INTER-PACIFIC Research Sdn Bhd set a fair value (FV) of RM1.85 for Main Market-bound Mr DIY Group (M) Bhd, a premium to its IPO price of RM1.60, based on the group’s merits and its outperformance against its Asean peers.

At an IPO price of RM1.60 sen per share, the group is priced at a record price-to-earnings ratio (PER) of 31.3 times (excluding calendar year 2019 [CY19] listing expenses) to its CY19 earnings.

“We placed an FV of RM1.85 sen based on a target PER of 27.5 times to our CY21 earnings per share of 6.7 sen,” Inter-Pacific analyst David Lai Yoon Hui said in a recent note.

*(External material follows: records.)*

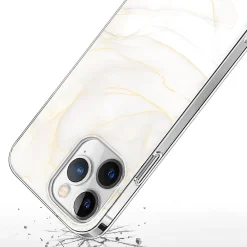 SaharaCase MagSafe Phone Case for iPhone 15 Pro Max, Shock Absorbing, White Marble (CP00476)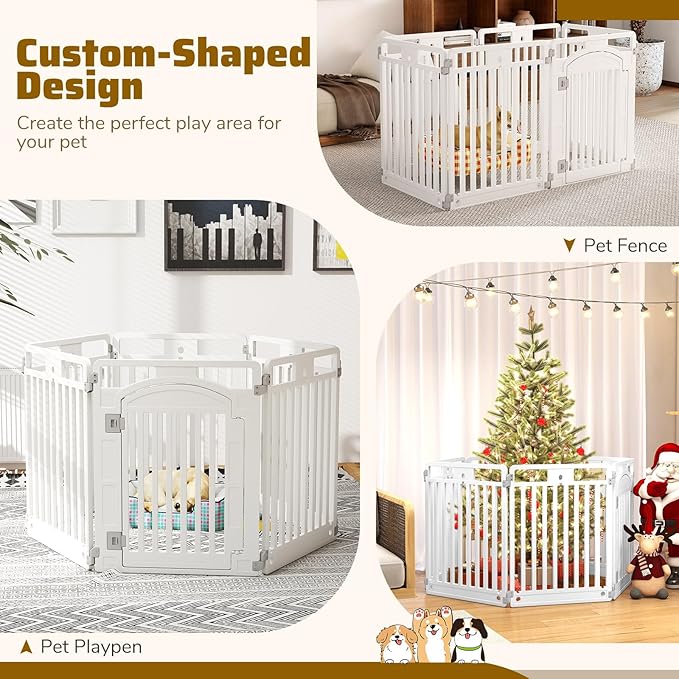 Giantex 12 Panel Dog Playpen, 32'' Tall Plastic Pet Fence with Lockable Door, Indoor Outdoor Portable Dog Exercise Pen for Medium Dogs, Expandable & Configurable into Square or Rectangle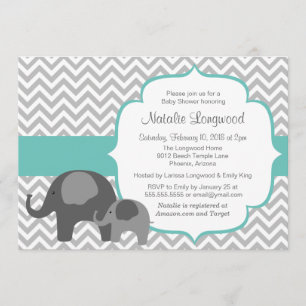 Invitation Baby shower de couleurs personnalisable Elephant &
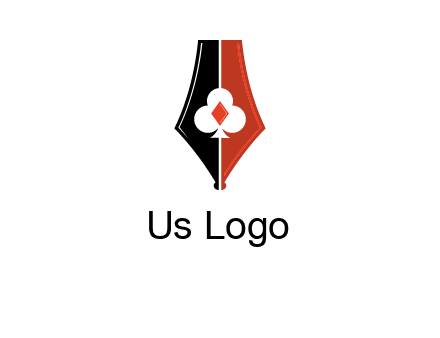 playing card symbols inside pen icon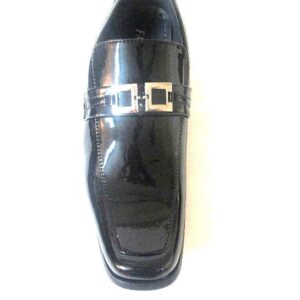 Faranzi Patent-PU Leather Loafers Square Toe Steel Buckle Prom Wedding -22034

Lai, who has a “subscribe” call on the stock, noted that this translates to a potential upside of 17.1%, including dividends.

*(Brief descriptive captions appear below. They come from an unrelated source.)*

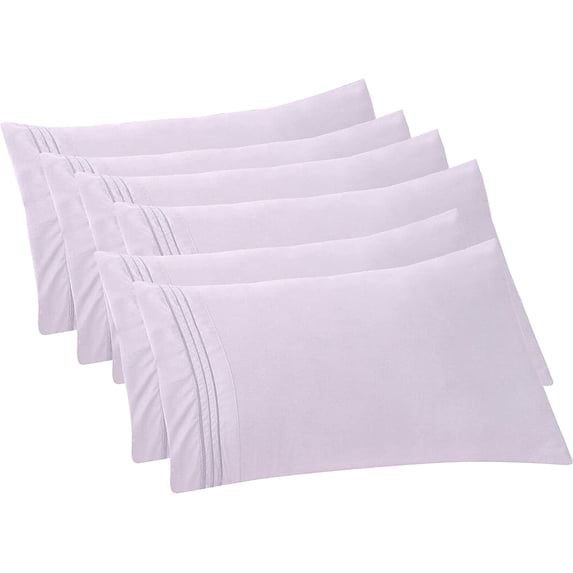 Mocassi 6-PACK Solid Pillowcases 1500 Thread Count Egyptian Quality,Easy Slip-On, 6-Piece Set, King Pillowcase, Lilac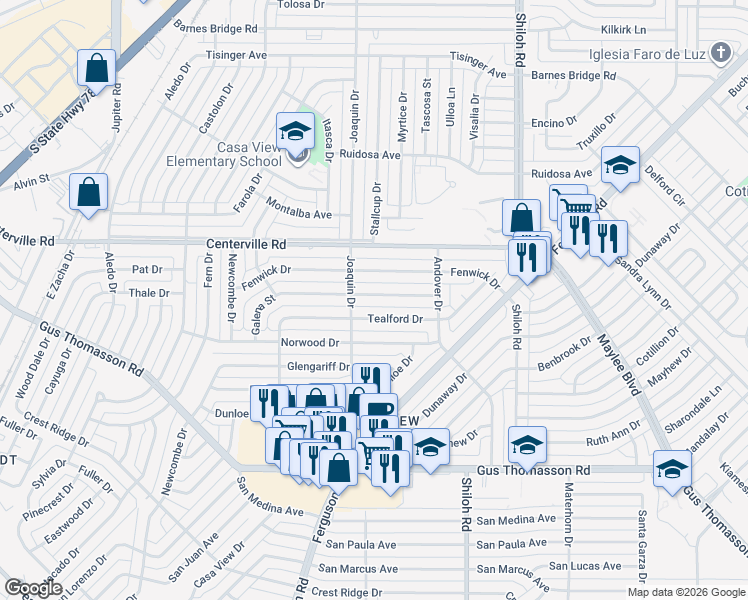 map of restaurants, bars, coffee shops, grocery stores, and more near 2322 Winthrop Drive in Dallas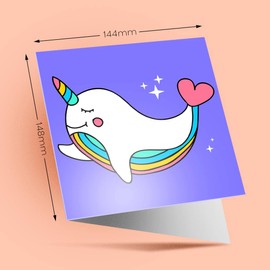 1 x Greeting Card Cartoon Whale Narwhal Unicorn - Blank Birthday Celebration Anniversary #14735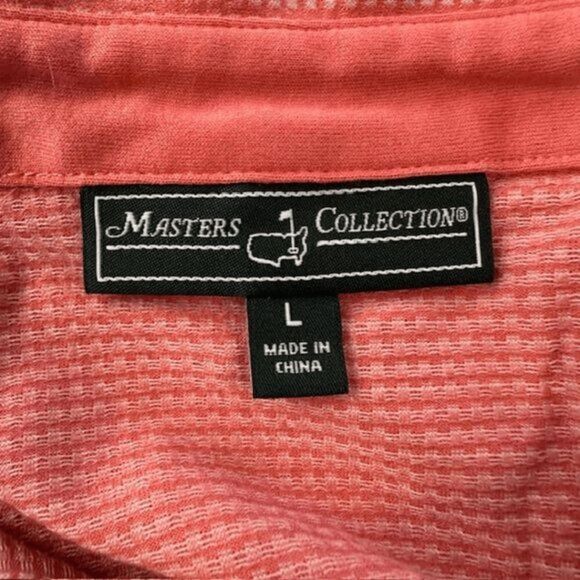 Masters Collection‎ Men's Knit Checkered Pima Cotton Polo Shirt Pink Size Large - Picture 5 of 8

“Our target PER is below its Asean peers and above most Malaysian-listed brick-and-mortar IPOs. We err on the side of caution and justify our lower PER valuation against Asean peers, based on Malaysia’s current political uncertainties, dampening foreign investors sentiment and suppressing its PER valuation,” he said.

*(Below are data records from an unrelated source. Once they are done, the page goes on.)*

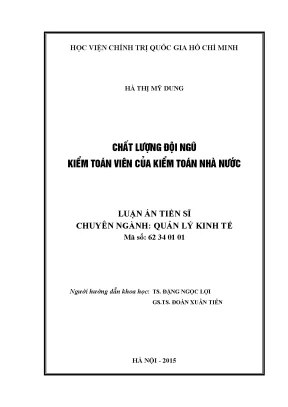 Nâng Cao Chất Lượng Đội Ngũ Kiểm Toán Viên Nhà Nước Việt Nam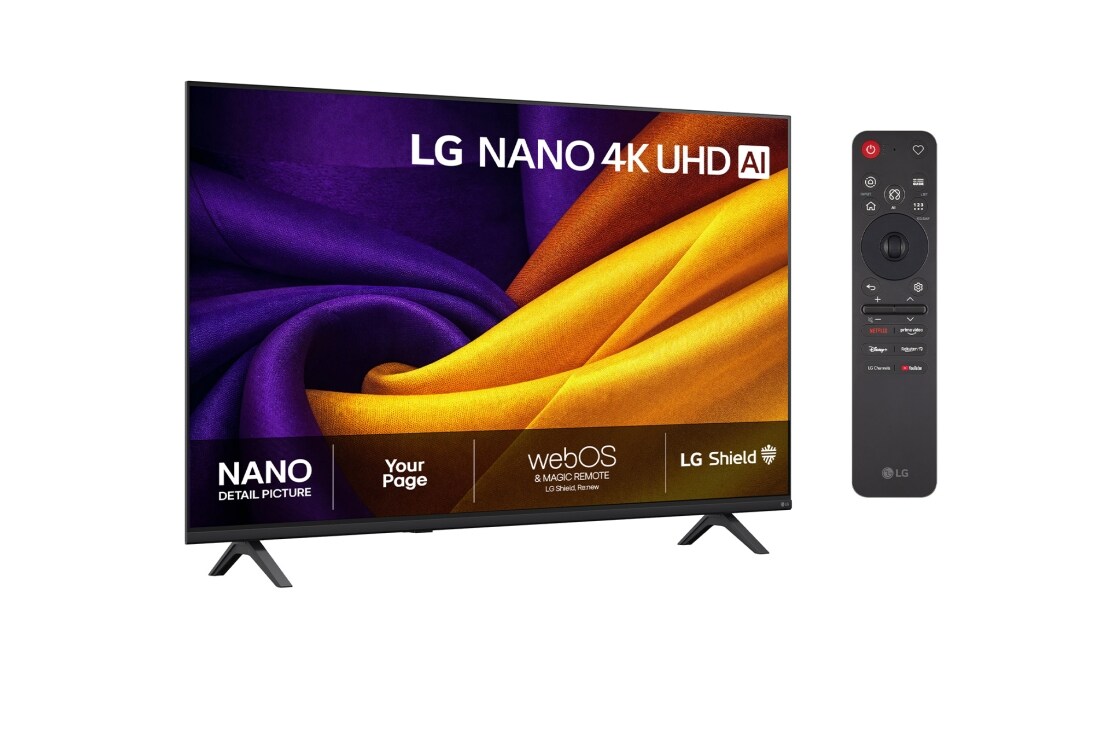 LG 50'' Nano UHD NU90 4K AI TV - 2026, LG NANO 4K UHD AI NU85, vist forfra og fra siden, har en 50-tommers skjerm med en bredde på 1112 mm, en høyde på 649 mm, en høyde på 711 mm med stativ, en profildybde på 70,8 mm og et stativ som måler, 50NU900B6LA, thumbnail 2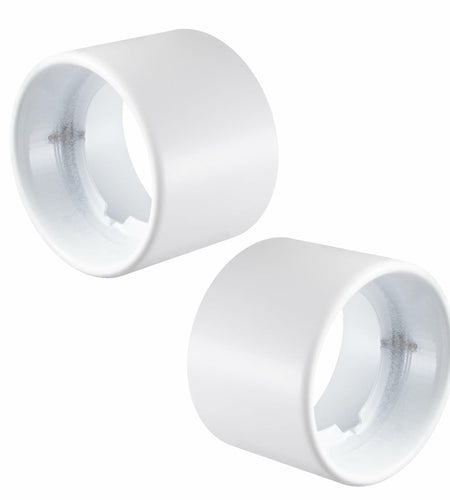 2Pcs Light Socket Shade Ring Metal Collar 1.5in Thread E26 E27 Ceramic White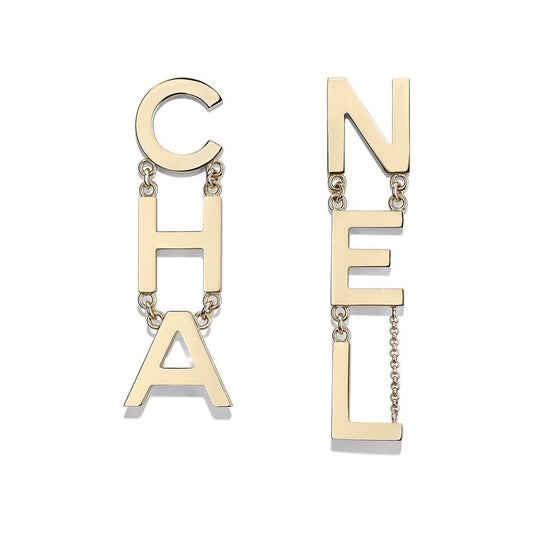 CHANEL METAL CHA-NEL LOGO DROP EARRINGS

Inter-Pacific estimates the group to record earnings growth of 16.4% year-on-year (YoY) and 14.4% YoY to RM369 million and RM422 million in CY20 and CY21 respectively, supported by top-line growth as a result of higher stores expansion from Mr DIY, Mr Toy and Mr Dollar Sdn Bhd.

“Our financial year 2020 (FY20) and FY21 earnings estimates are premised on the key assumptions of flat same-store sales growth for all Mr DIY stores and less than three years payback period for Mr DIY, Mr Dollar and Mr Toys opened in 2020 and 2021,” Lai said.

He noted that the group issued dividends of 2.1 sen and eight sen based on its large issued share capital of expected public shares, and the group will introduce a dividend policy of a minimum of 40% payout of earnings.

“In our forecast model, we envisage 2.4 sen and 2.7 sen dividends in CY20 and CY21, translating a dividend yield of 1.5 and 1.7% respectively,” added Lai.

On investment merits, Lai said this consists of a wide range of products, competitive product prices, economies of scale, largest home improvement retailer in Malaysia, locational convenience, curating best product performers, strong internal cashflow and scalable business.

Risks which he highlighted include new stores that may not be profitable, unable to meet the change in consumer preference, logistical hiccups, supply chain disruption, weakening of the ringgit and slowdown in new store expansion.

Mr DIY is set to become the largest listing on Bursa Malaysia in three years as it seeks to raise RM1.5 billion from its IPO to strengthen and expand its presence in the local home improvement market.

With the offer price of RM1.60 a share, Mr DIY will have an estimated market capitalisation of RM10 billion when it lists on the Main Market of Bursa Malaysia on Oct 26, 2020.

The valuation will also place the company among the top 40 largest listed companies by market capitalisation on Bursa Malaysia.

The last time Malaysia saw such a large listing was three years ago when Lotte Chemical Titan Holding Bhd raised RM3.77 billion in July 2017.